Speaking of the basement. No New York party is complete without the police or firemen making an appearance. And so it was with White Cube. When I emerged from the gallery, a fire truck was parked outside, throwing a red glare across the outdoor party scene. Turns out that the elevator malfunctioned, and the firemen came to the rescue. All ended up well and the crowd proceeded to the after-party at the Ukrainian Institute of America, which the invite, somewhat oddly, referred to as the Fletcher-Sinclair Mansion (so named after its first two owners at the turn of the 20th century.)
White Cube’s parties are among the very best in class. The gallery’s annual fete on the eve of Art Basel Miami Beach is my personal favorite. (Remember that lit performance by Chaka Khan in 2016?)
The gallery stayed true to form and threw another bash for the ages—with bars stocked with Perrier Jouet champagne and Casa Dragones tequila, mountains of raw oysters and shrimp, and towers of decadent desserts.
But wait, that’s not all! There was a set by DJ Jazzy Jay and a live performance by R&B musician Kelela. Legendary Afrofuturist jazz band, the Sun Ra Arkestra, whose 12-member band looked like ancient prophets in glittery garb, brought the house to its feet. Jopling applauded enthusiastically, standing beside to his mother.

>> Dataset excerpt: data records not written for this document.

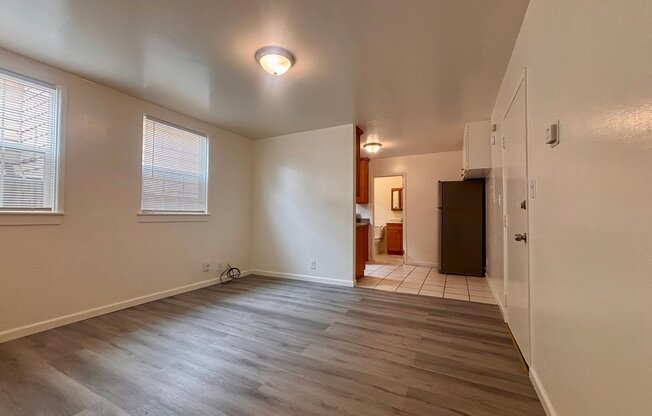 1403 21 AVE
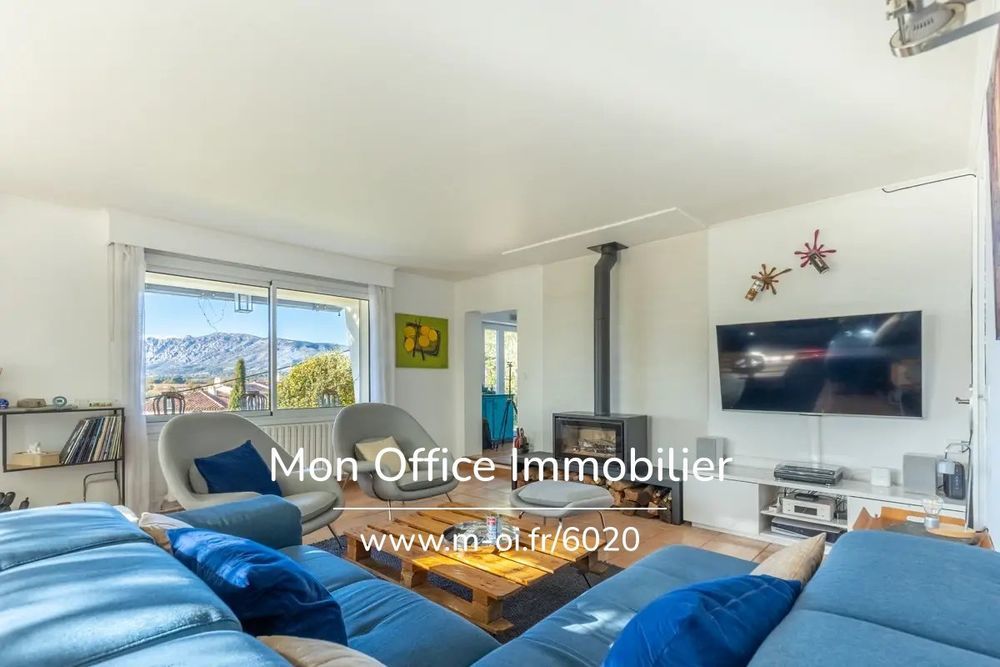 � vendre  Maison Pourri�res (83910)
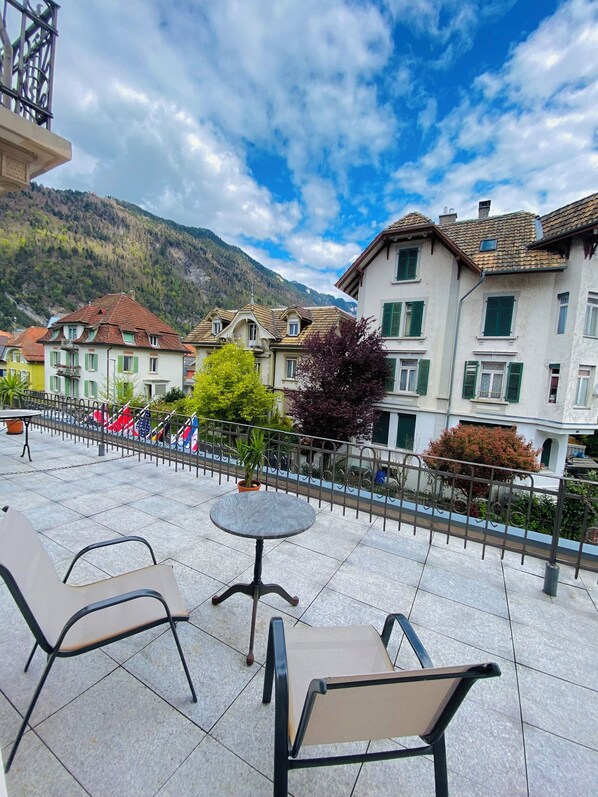 Coffres-forts dans les chambres, Wi-Fi gratuit, draps fournis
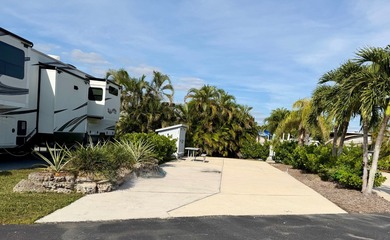 Beach Lot For Sale in Chokoloskee, Florida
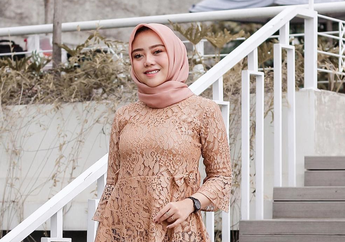 Model Tunik Hijab Brokat Kekinian yang Bisa Kita Pakai Untuk Kondangan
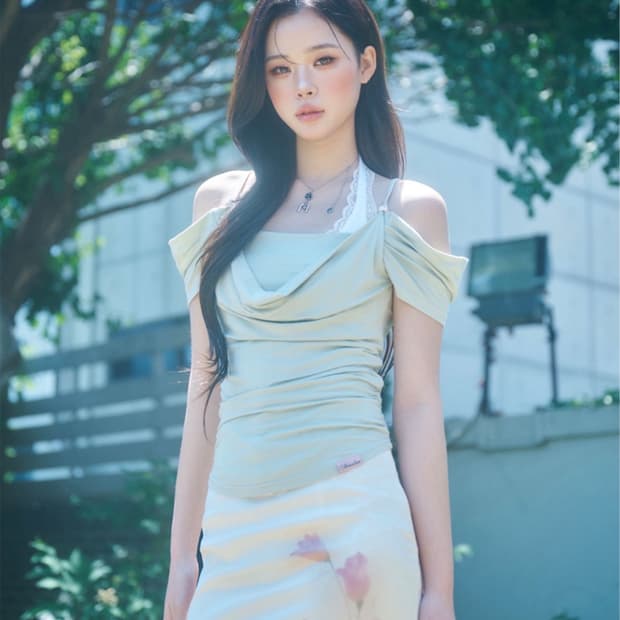 뉴얼린 블라우스 민트색 구해요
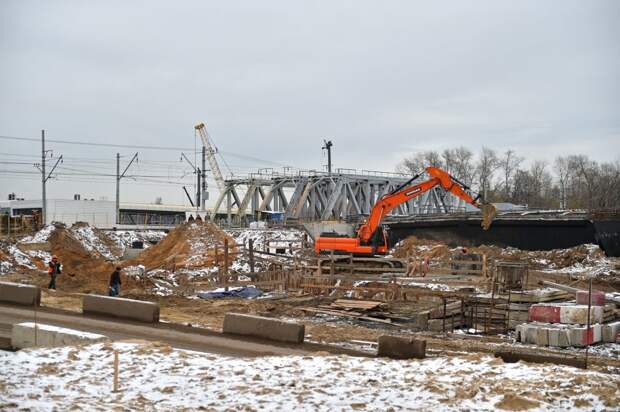 Строительство путепровода через МЦК в районе улицы Пруд Ключики. Фото: stroi.mos.ru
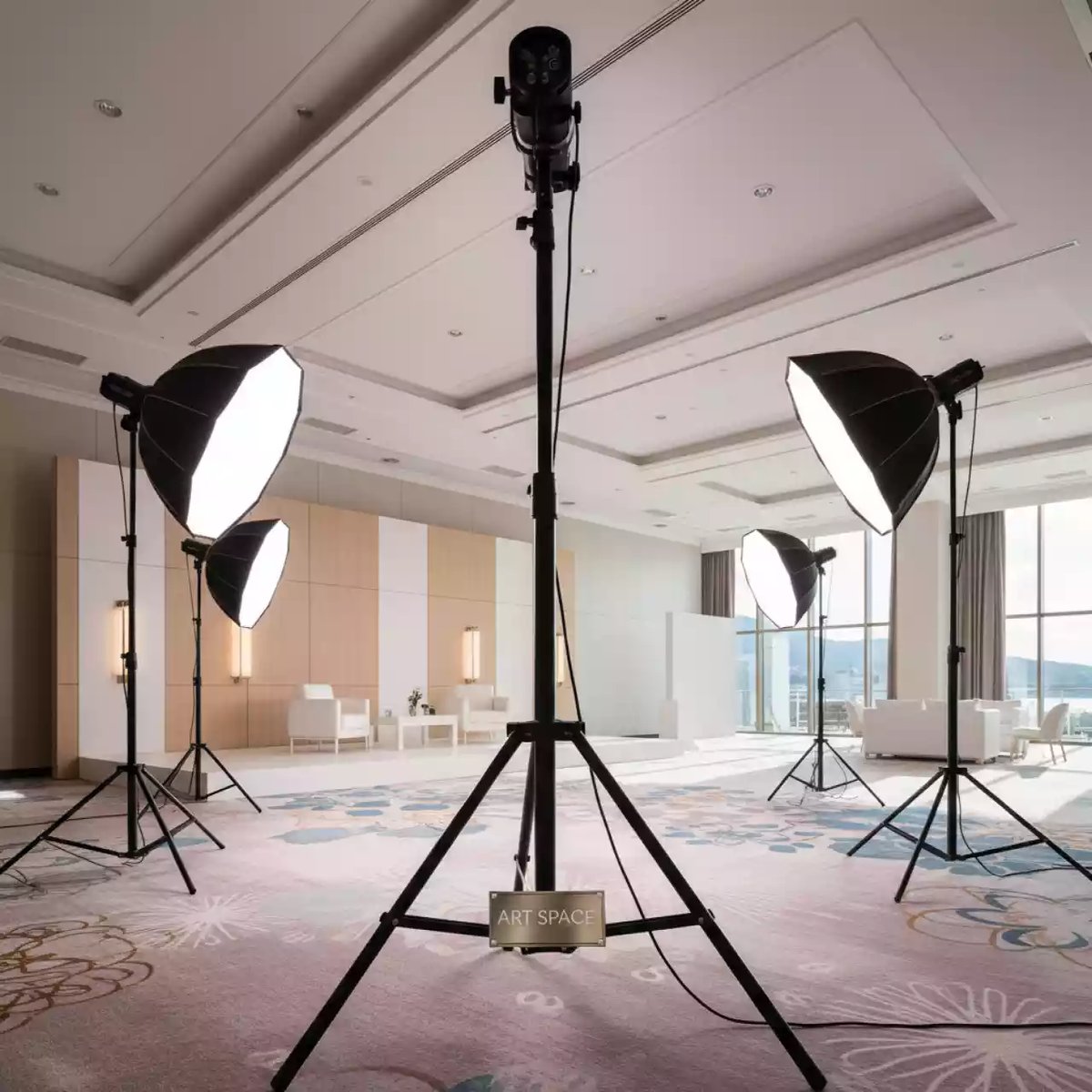 Аренда Дневное освещение в Grand Karat Sochi — ART SPACE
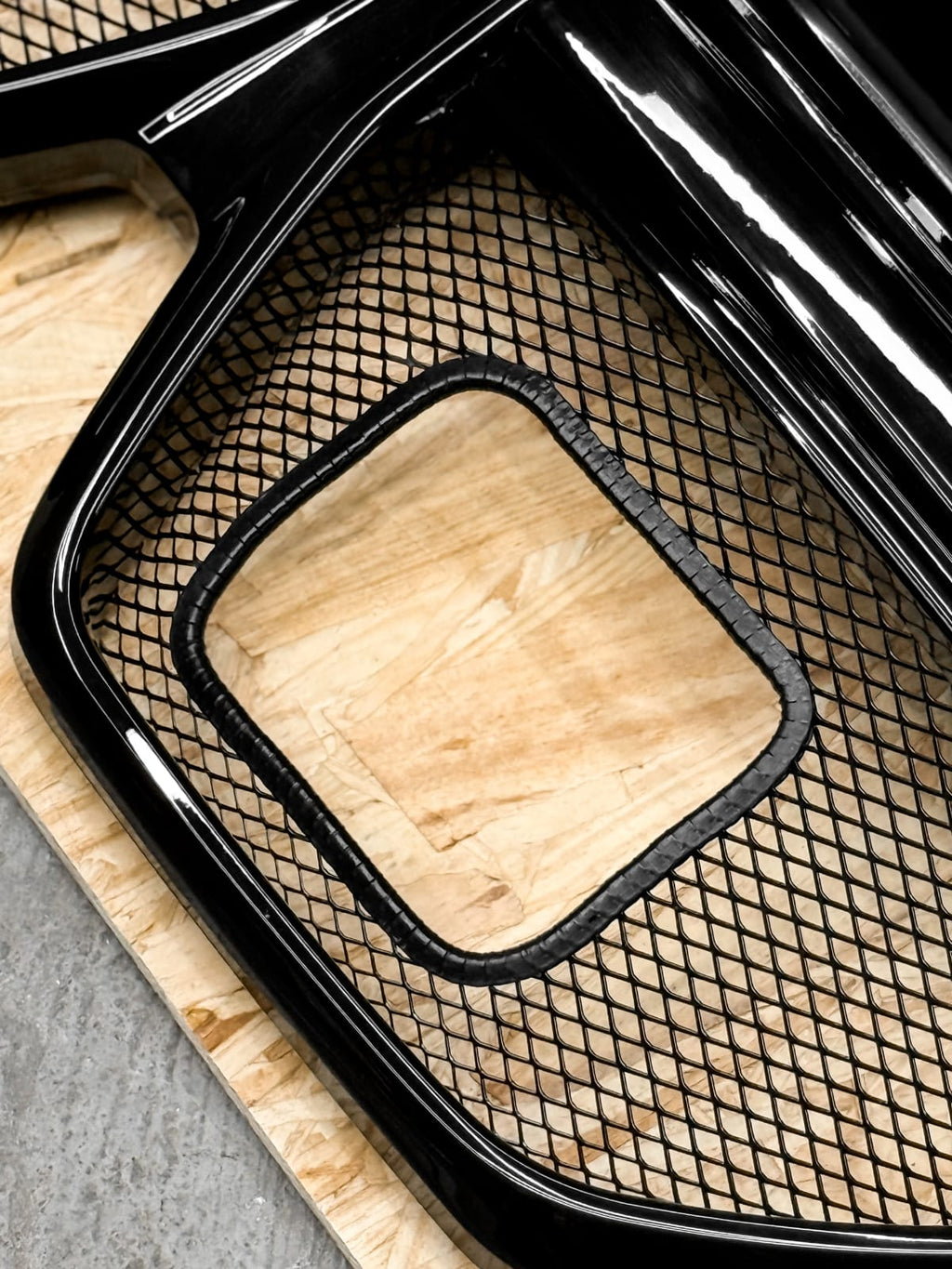 AERO CARBON - BMW I4 G26 ABS PLASTIC LCI MESH GRILL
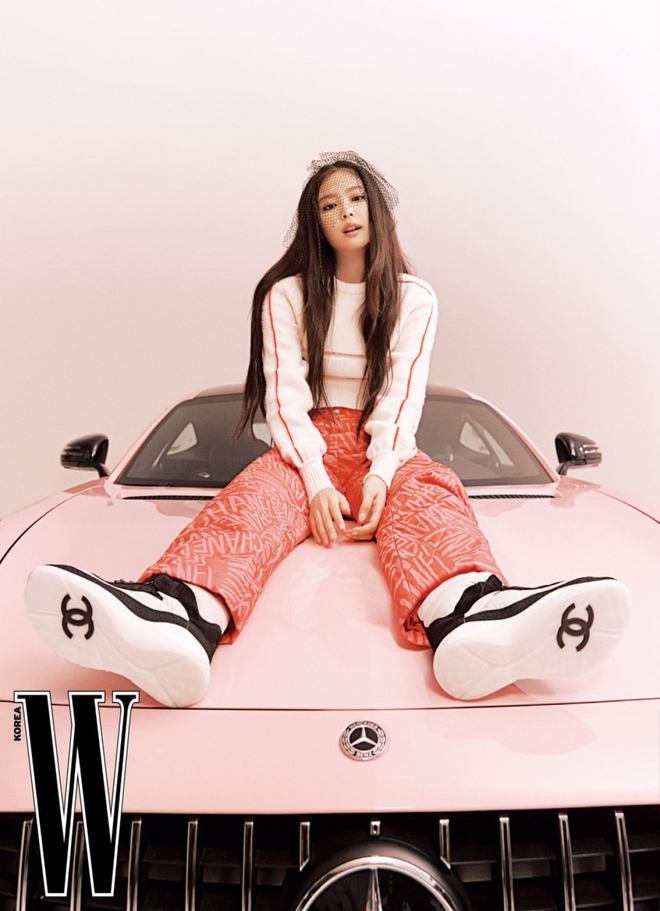 V (BTS), Jennie (BLACKPINK) v&agrave; những thần tượng được mệnh danh l&agrave; vũ kh&iacute; b&iacute; mật - Ảnh 2.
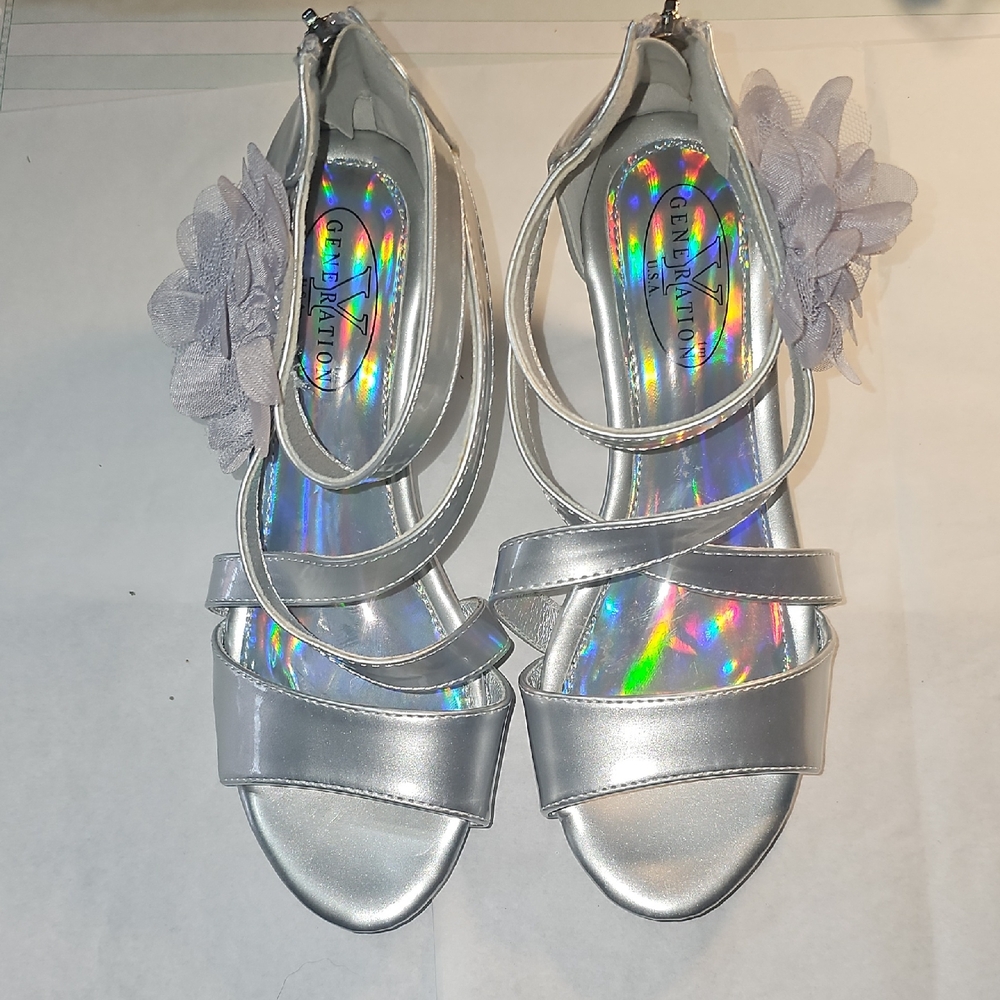 GENERATION Y Silver Women's Sandals NWOT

It was a mega-flex if there was one. I shudder to think how much the whole affair cost.
Some of us haven’t seen such extravagance since the pre-financial crisis era; others compared it to the Great Gatsby-esque fantasy of the 1920s before the crash (but much more tasteful).
“This was an event that had the élan of a declaration,” said Matthew Armstrong, an art adviser and former curator of the late Don Marron’s collection. “A superlatively renovated space, a well-curated exhibition, an opulent and assertively well-organized bash—a rejuvenation from afar into the moribund bloodstream of a resuscitating art world.”